Un sabato mattina a Los Angeles una troupe di dieci studenti della Hollywood High School, guidati dalla regista diciassettenne Celine Gimpirea, sta trasformando un angolo del cimitero Calvary in un set cinematografico. In The Box, un ragazzo entra in uno scatolone e si ritrova trasportato in un posto diverso. Sul prato ben curato, di un verde che sembra impossibile, tra le file di lapidi di granito nero, si trovano file di contenitori neri con dentro stazioni di lavoro per tecnici dell’immagine, iPad e MacBook Pro: gli strumenti che porteranno alla vita la vicenda.

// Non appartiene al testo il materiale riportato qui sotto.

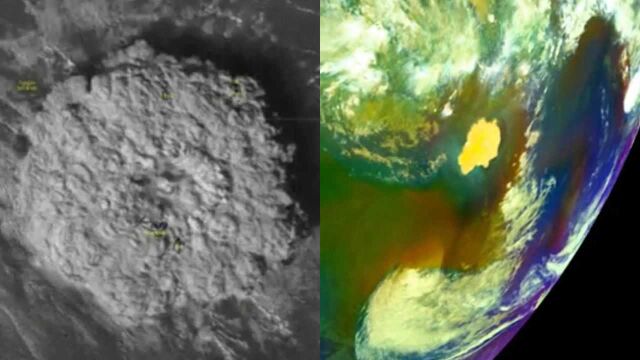 卫星实拍汤加海底火山大喷发:海面剧烈“炸开” 巨大冲击波横扫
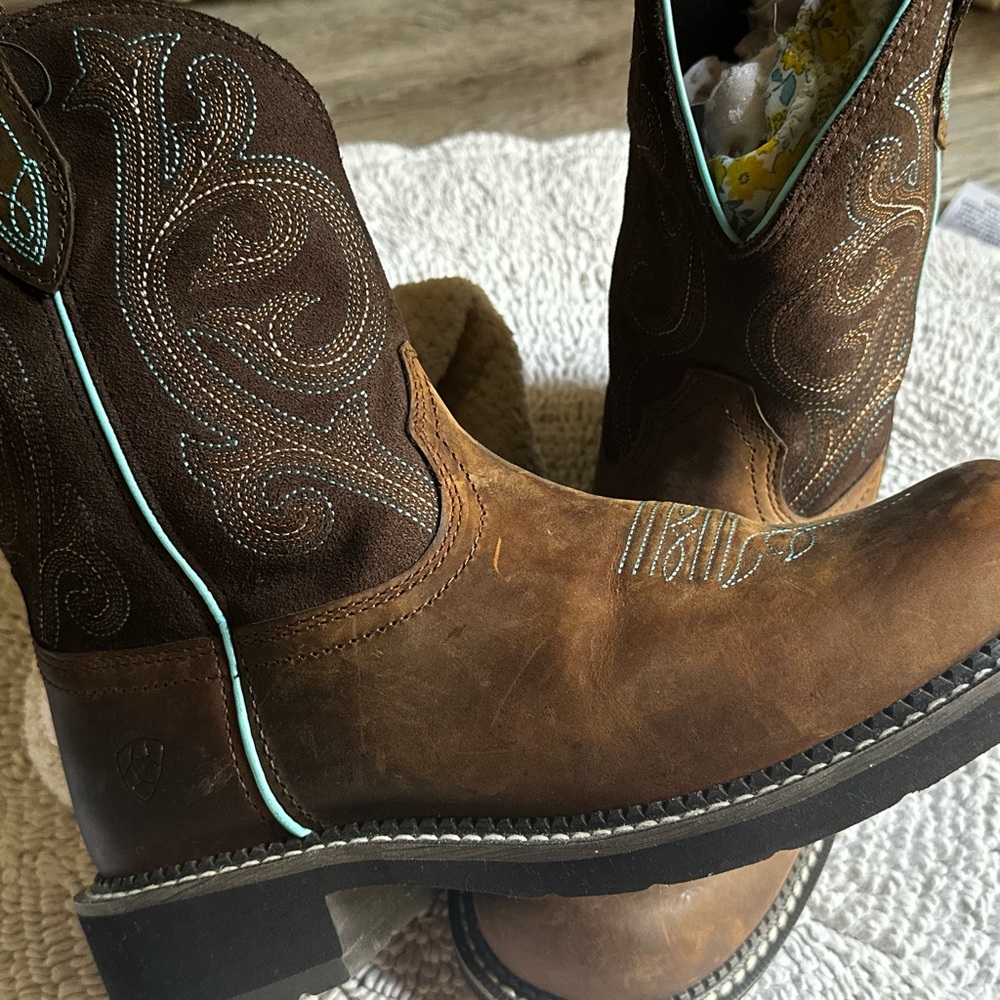 Ariat Women's Brown and Teal Combat Boots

È l’inizio di un articolo della Newsroom di Apple, Filmmaker losangelini emergenti creano cortometraggi con budget ridotti e grandi idee.
Chiaramente è una partita giocata in casa. Apple ha fornito i materiali e l’estensore del pezzo ha gioco facile nel magnificare i risultati. Eppure bisogna guardare le foto, i filmati, possibilmente seguire il racconto, per capire se e quanto computer, portatili e tavolette con la Mela sopra siano adeguati per reggere il peso di una produzione cinematografica.
E non inganni il fatto anagrafico. Quando a girare corti sono liceali di Hollywood, le aspettative – loro, della scuola, di chi fornisce i materiali – sono ben diverse da quelle di un liceo, che so, di French Lick, Indiana.